»»

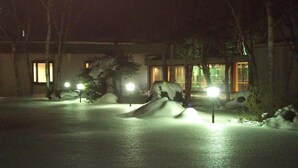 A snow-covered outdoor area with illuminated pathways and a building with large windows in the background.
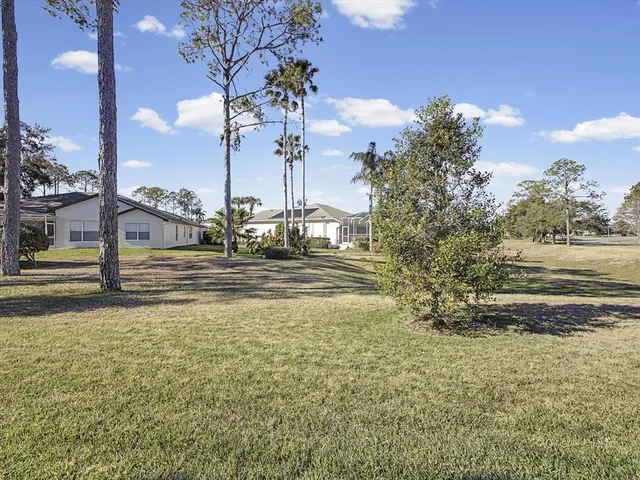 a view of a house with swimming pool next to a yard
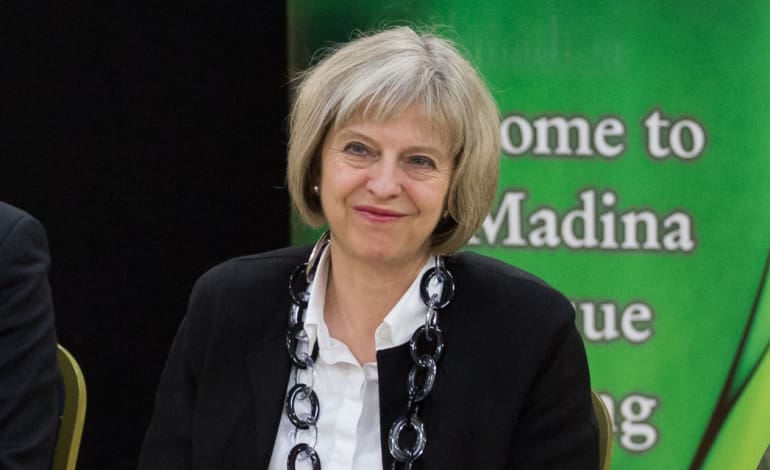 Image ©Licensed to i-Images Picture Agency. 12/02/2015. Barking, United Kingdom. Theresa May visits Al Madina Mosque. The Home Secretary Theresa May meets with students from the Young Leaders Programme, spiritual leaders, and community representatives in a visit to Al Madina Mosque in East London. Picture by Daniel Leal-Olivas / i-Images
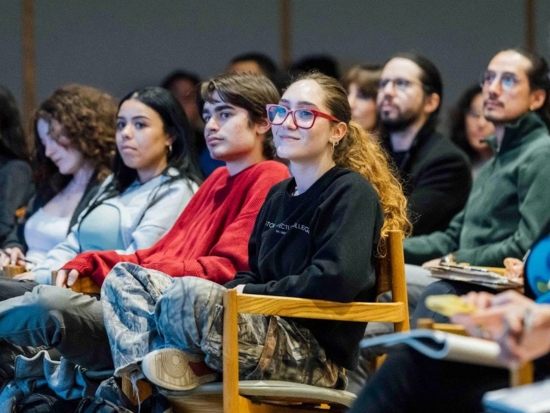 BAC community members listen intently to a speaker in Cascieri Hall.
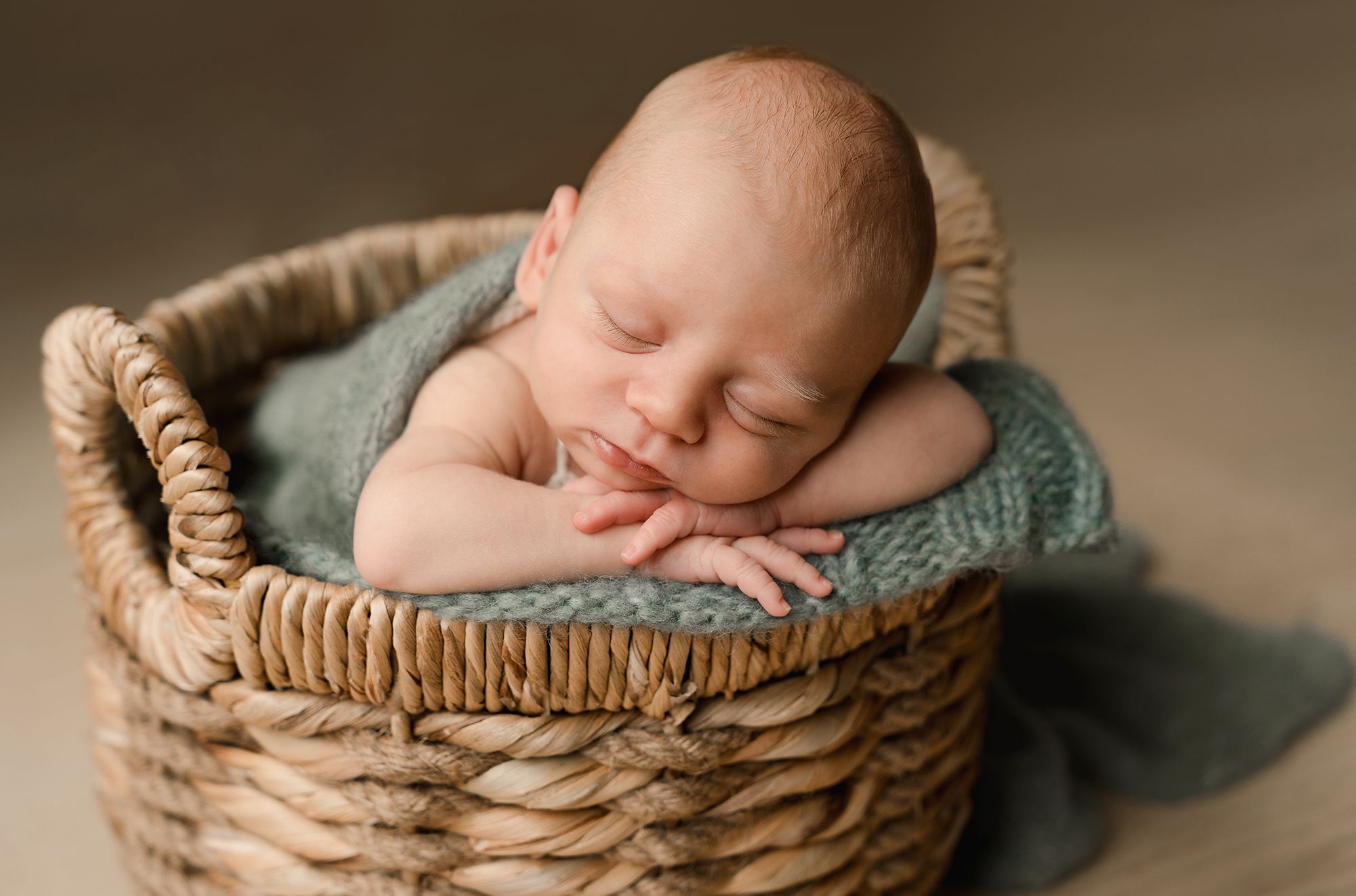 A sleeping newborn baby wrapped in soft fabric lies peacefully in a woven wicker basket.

««

● **Exercise objective**: The answer should be the full material above, printed exactly, with no pictures in it.

● **Response below**:
 A snow-covered outdoor area with illuminated pathways and a building with large windows in the background.
 a view of a house with swimming pool next to a yard
 Image ©Licensed to i-Images Picture Agency. 12/02/2015. Barking, United Kingdom. Theresa May visits Al Madina Mosque. The Home Secretary Theresa May meets with students from the Young Leaders Programme, spiritual leaders, and community representatives in a visit to Al Madina Mosque in East London. Picture by Daniel Leal-Olivas / i-Images
 BAC community members listen intently to a speaker in Cascieri Hall.
 A sleeping newborn baby wrapped in soft fabric lies peacefully in a woven wicker basket.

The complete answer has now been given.